For roughly bell-shaped (symmetric, unimodal) data, about 68% of values lie within one SD of the mean, about 95% within two SDs (x̄ ± 2s), and about 99.7% within three SDs. It lets you judge quickly whether a value is unusual: anything beyond ±2s is in the outer 5%. It only applies to bell-shaped data, so check the histogram first.

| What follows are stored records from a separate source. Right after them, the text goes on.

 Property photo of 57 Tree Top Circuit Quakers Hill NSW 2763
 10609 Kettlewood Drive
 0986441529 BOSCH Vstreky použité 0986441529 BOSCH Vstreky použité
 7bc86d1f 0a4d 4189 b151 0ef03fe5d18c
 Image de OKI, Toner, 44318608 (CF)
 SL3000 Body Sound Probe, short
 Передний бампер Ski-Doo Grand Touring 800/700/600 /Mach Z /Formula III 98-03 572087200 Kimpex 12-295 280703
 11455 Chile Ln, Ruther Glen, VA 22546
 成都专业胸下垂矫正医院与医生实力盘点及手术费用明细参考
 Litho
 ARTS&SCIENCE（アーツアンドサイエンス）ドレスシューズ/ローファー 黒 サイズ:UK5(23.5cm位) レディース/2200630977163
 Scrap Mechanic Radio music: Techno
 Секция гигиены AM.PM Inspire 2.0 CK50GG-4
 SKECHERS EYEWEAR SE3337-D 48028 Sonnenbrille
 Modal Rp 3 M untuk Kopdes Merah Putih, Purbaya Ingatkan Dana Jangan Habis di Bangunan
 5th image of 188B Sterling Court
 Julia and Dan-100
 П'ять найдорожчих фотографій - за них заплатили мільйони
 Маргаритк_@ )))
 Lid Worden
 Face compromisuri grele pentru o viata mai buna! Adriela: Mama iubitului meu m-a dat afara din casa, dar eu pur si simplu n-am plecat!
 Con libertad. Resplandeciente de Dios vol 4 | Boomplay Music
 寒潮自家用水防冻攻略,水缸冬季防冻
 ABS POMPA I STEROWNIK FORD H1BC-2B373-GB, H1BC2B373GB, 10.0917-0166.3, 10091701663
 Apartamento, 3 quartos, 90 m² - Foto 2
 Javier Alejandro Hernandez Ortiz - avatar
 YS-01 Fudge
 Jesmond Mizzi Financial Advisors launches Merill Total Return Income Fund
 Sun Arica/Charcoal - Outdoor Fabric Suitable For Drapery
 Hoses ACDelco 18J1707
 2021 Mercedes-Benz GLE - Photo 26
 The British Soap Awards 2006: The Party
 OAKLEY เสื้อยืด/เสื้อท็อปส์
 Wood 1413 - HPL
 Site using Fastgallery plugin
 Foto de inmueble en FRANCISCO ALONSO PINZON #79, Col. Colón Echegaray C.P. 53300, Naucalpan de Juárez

What does r = 0 actually mean?
It means there is no linear association between the two variables — but there could still be a strong non-linear (for example U-shaped) relationship that r cannot detect. Always plot the scatterplot first. Also remember r is not resistant, so a single outlier can drag it up or down, and a strong r still never proves causation.
Exam move
Build a fixed routine for any single dataset: order the values, write the five-number summary, compute x̄ and s (with the n − 1 divisor), then apply the 1.5×IQR rule before you trust the mean. Practise reading shape off a histogram and predicting whether the mean sits above or below the median from the direction of the skew — examiners love this conceptual MCQ. Learn the z-score as a portable 'how unusual' ruler and the 95% rule as its companion. For association questions, internalise the four facts about r — unit-free, bounded by ±1, symmetric, not resistant, linear-only — and always pair an r value with a one-sentence plain-English interpretation, because the interpretation earns marks a bare number does not.